Task details ▸ Retype exactly the lines from the one with "La intervención de" down to the final line of the material below, both included, and nothing more.

Data ▸
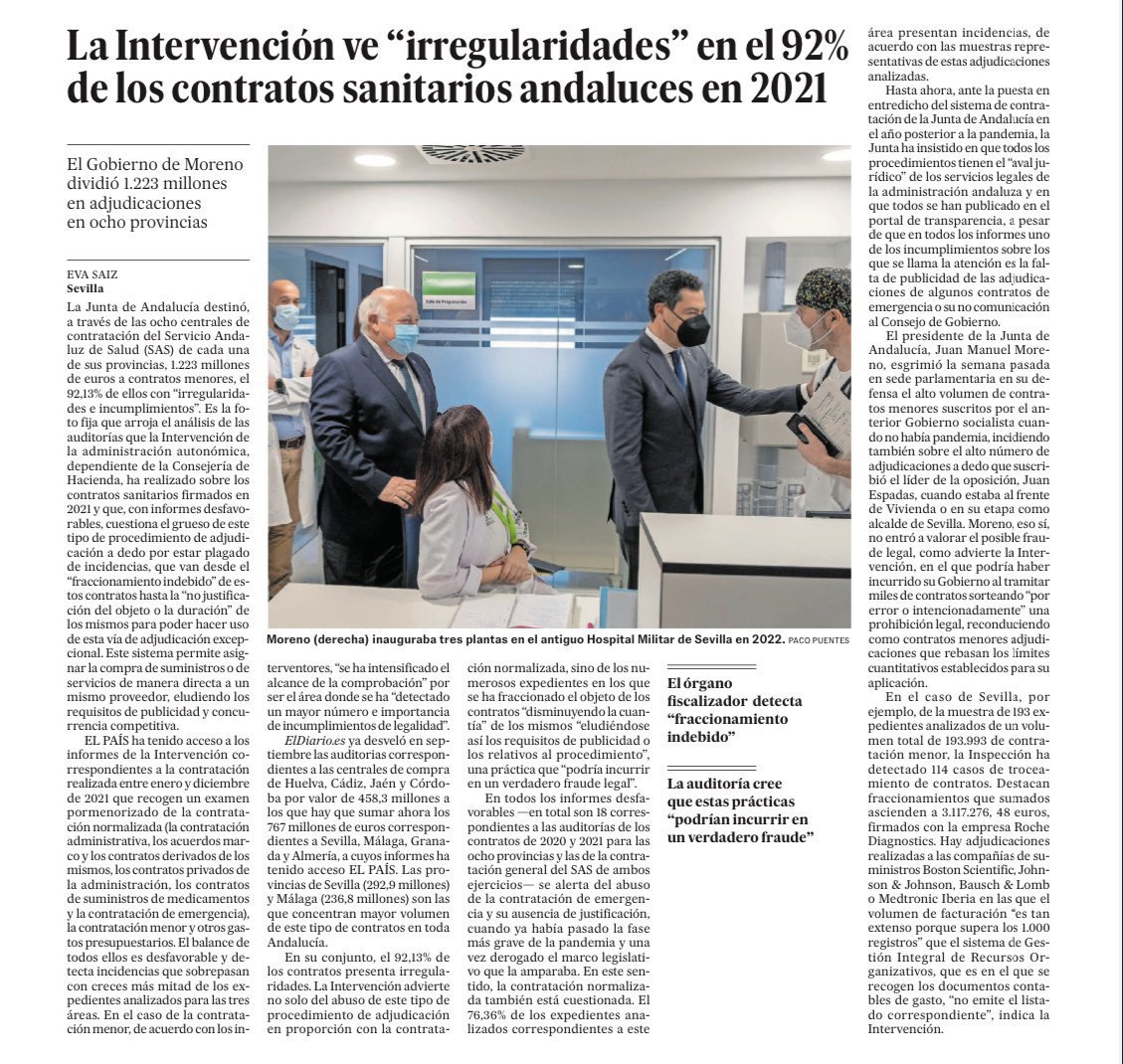 Noel_Lopez_'s tweet photo. ‼️ Ojo ‼️

La intervención de la Junta de Andalucía detecta IRREGULARIDADES en el 92% de la contratación del SAS.

La sombra de la ilegalidad de la actuación de Moreno Bonilla se cierne sobre la sanidad. 

Destrozar lo público para beneficiar la privada, esto es el gobierno de MB https://t.co/XVQdcQsNmw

Result of this task ▸
La intervención de la Junta de Andalucía detecta IRREGULARIDADES en el 92% de la contratación del SAS.

La sombra de la ilegalidad de la actuación de Moreno Bonilla se cierne sobre la sanidad. 

Destrozar lo público para beneficiar la privada, esto es el gobierno de MB https://t.co/XVQdcQsNmw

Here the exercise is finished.